Today's workout was a 10 mile run in Farmville.
I am training for my marathon in November and my ultramarathon next month right here on the High Bridge Trail.
For any workout lasting longer than an hour I try to refuel during the run. As with shorter runs, I always bring water along, especially in warmer temperatures. The easiest way to avoid dehydration is simply to drink according to thirst. When you get thirsty, take a drink of water.
On workouts that last longer than one hour, as with today's run (see below), I often bring a sports drink that provides sodium, electrolytes, and energy in the form of fast-absorbing carbohydrates.

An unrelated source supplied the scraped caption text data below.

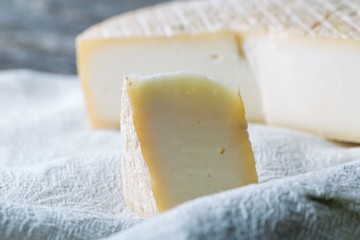 Fototapeta na wymiar French goat cheese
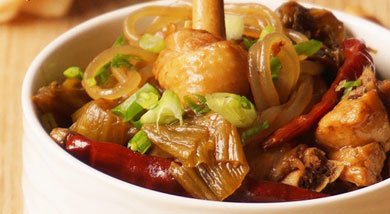 酸菜炖粉条怎么做好吃,酸菜粉条炖鸡最正宗的做法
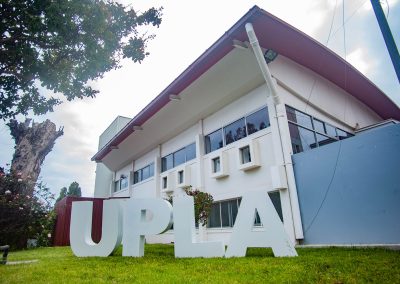 Sala de Arte Escénico Guillermo González de Hontaneda 855, Playa Ancha, Valparaíso. - Teléfono: +56 32 22051 63 - SalaTeatroUpla.cl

However, you can get the same benefits by consuming other fuels that come in the form of sports gels or sports bars. Runners use these in races to sustain their energy and keep them going. You can also squeeze them onto an ice cream cone. (I don't do that.) They are all about 100 calories apiece. You can even get vegan gels. Today I experimented with the GU brand -- a fan favorite you might say.

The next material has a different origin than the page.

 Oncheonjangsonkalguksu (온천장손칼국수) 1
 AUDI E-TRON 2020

They are not exactly cheap. When I consume a gel, I don't need to use a sports drink; water suffices. So far I've found the GU gels easily digestible and good tasting. My favorites are the Vanilla Bean and the Strawberry Banana. Each contains amino acids and sodium, but only the Vanilla Bean has caffeine. I consume one gel for every hour of running.
The neat thing about gels is that you don't have to chew anything. You just tear it open and suck out the gel. For what it's worth, on my 32-mile ultra next month my "go to" plan is 7 gels (one per hour) with water along the way. At a couple of aid stations there will also be goodies like PBJs, bananas, and orange slices. You can't miss with a PBJ! But to each his or her own. At the end of the day, you have to do what works best for you, and if any of the above doesn't work, then don't do it. Be sure to judge a gel by the T & T method -- taste and texture. If you don't like either of these, then try something else or go back to using your sports drink. What I look for in a gel is something that goes down easily and doesn't give me any stomach issues.

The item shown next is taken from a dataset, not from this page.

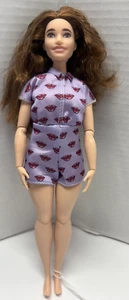 Barbie 2015 Curvy Crimped Red Brown Hair Hot Lips Clothes Doll - Picture 1 of 6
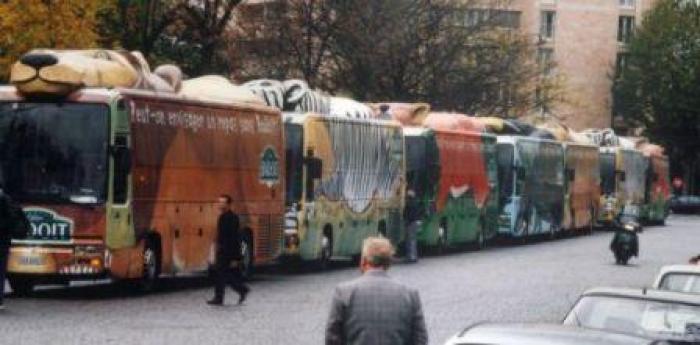 Badoit — Réalisation de 7 bus-animaux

Anyway ... racing (like life) is all about problem solving. Fueling is a big part of that. Honestly, it's a piece of cake. (Sarcasm.) The key is not to try or wear anything in the marathon that you haven't tried or run with umpteen times before. If you do you might be in for a big surprise. During my very first marathon (the Flying Pig in Cincy), I tried eating an orange at one of the aid stations. I had never done that before. I ended up choking on one of the orange slices. When I finally coughed it up, I tried to thank the aid station volunteers (it wasn't their fault, after all) but all I could manage was a death gurgle. Lesson learned. That was long before I had discovered gels. At about mile 20 it felt like someone had just given me a 50 pound weight and asked me to carry it to the finish line. My motto now is "Know before you go." Where are the aid stations? What water and sports drinks do they offer? Which aid stations offer gels or other edibles?
Above all, don't try anything new on race day, oranges included!